「既存手法を組み合わせただけ」という査読にどうRebuttalを返すか
A. そもそも組み合わせることはいつも簡単なわけじゃない
その例
it is known that gradient descent is optimal for finding first-order stationary points in the non-convex smooth case among first-order methods Therefore, it is in general impossible to combine it with Nesterov’s acceleration to achieve theoretically better rate
B. 組み合わせられても,良い組み合わせを提示することや組み合わせを解析するのは自明じゃない
その例
For example, Nesterov’s acceleration was discovered in 1980-th and SGD was proposed in 1950-th, but the first Accelerated SGD was proposed and analyzed only in 2012.
C. 7ページ目にはいかにその組み合わせが自明ではないか説明しています
Comment:
This paper combines several techniques from existing works, such as VR-MARINA and robust aggregator. This makes the novelty boils down to applying existing works to the byzantine setting, which seems not sufficient for conferences like ICLR.
We believe that it is not always an easy task to combine known techniques to get some improvements in the convergence rates. Some techniques cannot be combined in general: for example, it is known that gradient descent is optimal for finding first-order stationary points in the non-convex smooth case among first-order methods Therefore, it is in general impossible to combine it with Nesterov’s acceleration to achieve theoretically better rate. Next, even when the techniques are combinable, it can be a non-trivial task to propose good combination and to rigorously analyze it. For example, Nesterov’s acceleration was discovered in 1980-th and SGD was proposed in 1950-th, but the first Accelerated SGD was proposed and analyzed only in 2012.

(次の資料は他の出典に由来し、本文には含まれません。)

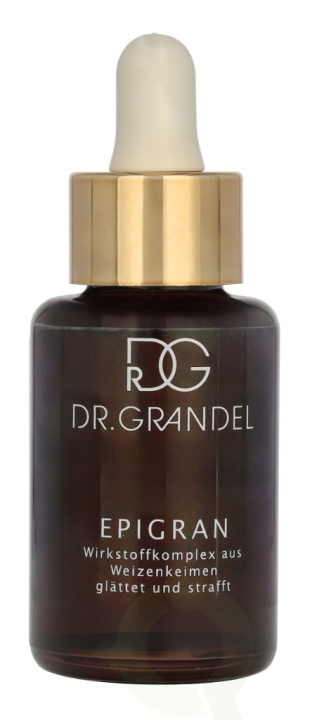 Dr Grandel Elements Of Nature Epigran Facial Serum 30 ml i gruppen SKÖNHET & HÄLSA / Hudvård / Ansiktsvård / Serum Hud hos TP E-commerce Nordic AB (C99659)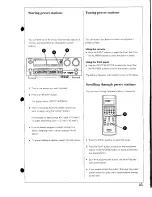 Предварительный просмотр 25 страницы Kenwood KR-X1000 Using Manual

Moreover, in paragraph “Challenges in designing variance-reduced algorithm with tight rates and provable Byzantine-robustness” (page 7), we explain why it is not trivial to achieve the results that we derive. Although our work positions Byz-VR-MARINA as a natural combination of variance reduction and Byzantine-robustness, it was not straightforward beforehand whether VR-MARINA and robust aggregation are combinable, whether such a combination should be considered, and whether it would lead to the new SOTA theoretical results in Byzantine-robust distributed optimization.